In the library on a university campus, there is a sign in the elevator that indicates a limit of 16 persons. Furthermore, there is a weight limit of 2500 lb. Assume that the average weight of students, faculty, and staff on campus is 151 lb, that the standard deviation is 25 lb, and that the distribution of weights of individuals on campus is approximately normal. If a random sample of 16 persons from the campus is to be taken:
a. What is the expected value of the sample mean of their weights?
b. What is the standard deviation of the sampling distribution of the sample mean weight?
c. What average weights for a sample of 16 people will result in the total weight exceeding the weight limit of 2500 lb?
d. What is the chance that a random sample of 16 persons on the elevator will exceed the weight limit?

Answer 1

Answer:

Explained below.

Step-by-step explanation:

According to the Central Limit Theorem if an unknown population is selected with mean μ and standard deviation σ and appropriately huge random samples (n > 30) are selected from this population with replacement, then the distribution of the sample means will be approximately normally.  

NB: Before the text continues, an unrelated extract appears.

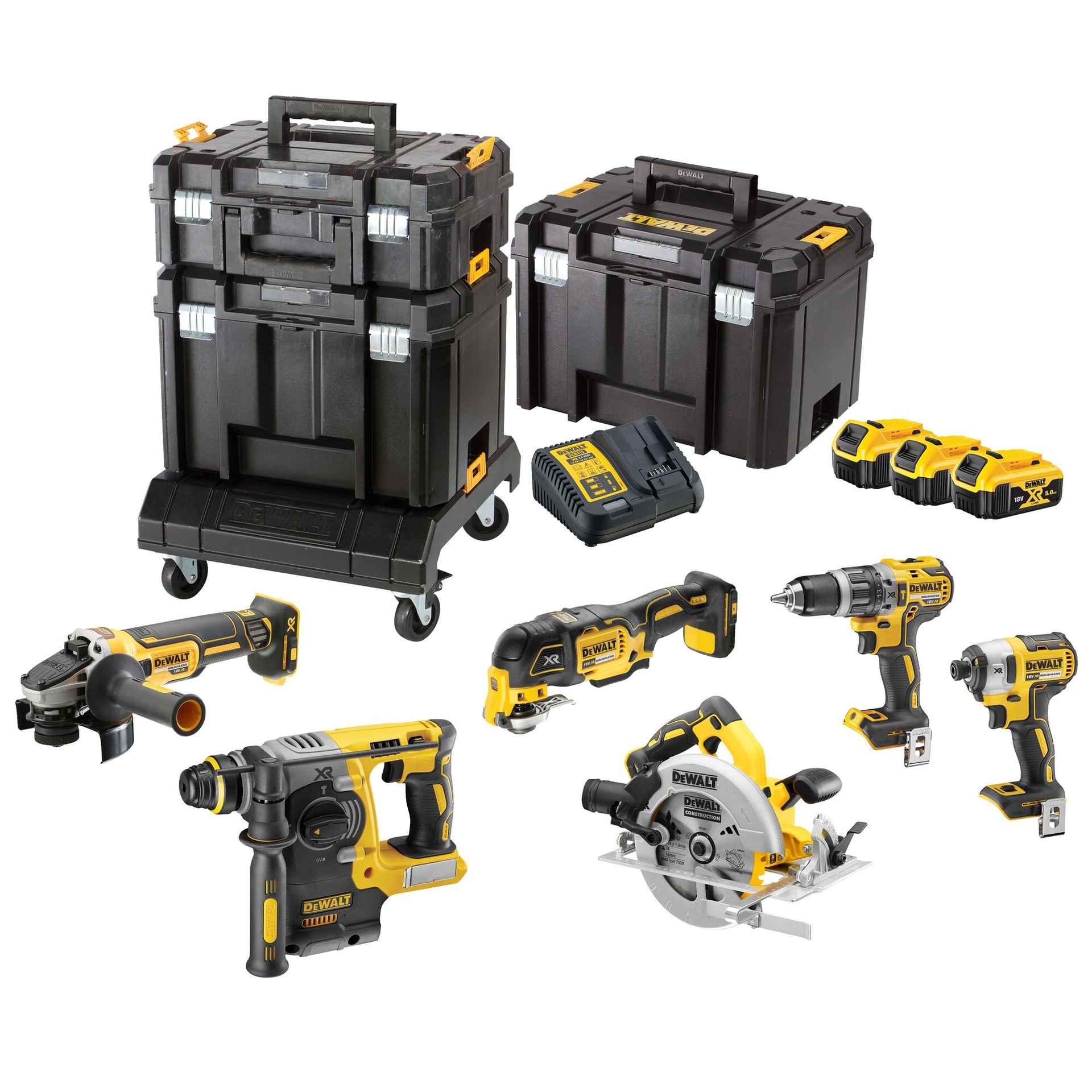 Tööriistade komplektDeWalt DCK685P3T -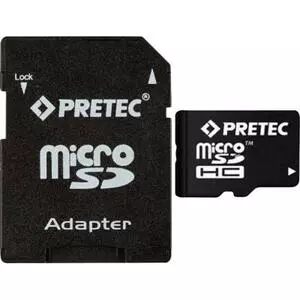 Карта памяти Pretec 8GB microSD class10 UHS-I (STSH08G-SA)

Then, the mean of the sample means is given by,

$\mu_{\bar x}=\mu$

And the standard deviation of the sample means is given by,

$\sigma_{\bar x}=\frac{\sigma}{\sqrt{n}}$

a

The expected value of the sample mean of their weights is same as the population mean, μ = 1515 lbs.

b

The standard deviation of the sampling distribution of the sample mean weight is:

$\sigma_{\bar x}=\frac{\sigma}{\sqrt{n}}=\frac{25}{\sqrt{16}}=6.25$

c.

The average weights for a sample of 16 people will result in the total weight exceeding the weight limit of 2500 lbs. is:

$\text{Average Weight}=\frac{2500}{16}=156.25$

d

Compute the probability that a random sample of 16 persons on the elevator will exceed the weight limit as follows:

$P(\bar X > 156.25)=P(\frac{\bar X-\mu_{\bar x}}{\sigma_{\bar x}}>\frac{156.25-151}{6.25})\\\\=P(Z>0.84)\\\\=1-P(Z$